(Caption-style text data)
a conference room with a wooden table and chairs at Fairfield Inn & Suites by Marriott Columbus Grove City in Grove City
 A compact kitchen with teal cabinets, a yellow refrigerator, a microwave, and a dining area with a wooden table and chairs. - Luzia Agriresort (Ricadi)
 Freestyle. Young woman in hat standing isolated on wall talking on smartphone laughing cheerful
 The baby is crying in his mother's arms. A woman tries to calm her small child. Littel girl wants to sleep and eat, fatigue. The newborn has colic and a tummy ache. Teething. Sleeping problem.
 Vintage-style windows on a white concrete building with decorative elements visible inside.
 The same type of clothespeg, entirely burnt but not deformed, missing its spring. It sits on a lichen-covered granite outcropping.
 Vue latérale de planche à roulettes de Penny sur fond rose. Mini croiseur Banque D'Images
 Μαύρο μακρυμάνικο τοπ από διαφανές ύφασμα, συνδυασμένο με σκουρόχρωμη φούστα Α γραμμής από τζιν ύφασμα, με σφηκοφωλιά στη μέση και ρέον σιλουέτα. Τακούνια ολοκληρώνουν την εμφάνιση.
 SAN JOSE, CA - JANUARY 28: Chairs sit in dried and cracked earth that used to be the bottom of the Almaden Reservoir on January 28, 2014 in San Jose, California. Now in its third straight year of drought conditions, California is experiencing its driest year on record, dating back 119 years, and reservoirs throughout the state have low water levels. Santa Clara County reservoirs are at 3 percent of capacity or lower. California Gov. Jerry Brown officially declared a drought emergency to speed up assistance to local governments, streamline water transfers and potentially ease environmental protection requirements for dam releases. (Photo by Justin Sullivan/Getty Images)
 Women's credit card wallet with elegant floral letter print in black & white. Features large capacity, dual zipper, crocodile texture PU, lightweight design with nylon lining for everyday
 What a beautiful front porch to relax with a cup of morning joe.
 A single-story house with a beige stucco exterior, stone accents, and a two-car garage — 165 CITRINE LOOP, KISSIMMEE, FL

## WHAT YOU HAVE TO DO
Your task is to list each line of the records with the word "white".

## TASK RESPONSE
 Vintage-style windows on a white concrete building with decorative elements visible inside.
 Women's credit card wallet with elegant floral letter print in black & white. Features large capacity, dual zipper, crocodile texture PU, lightweight design with nylon lining for everyday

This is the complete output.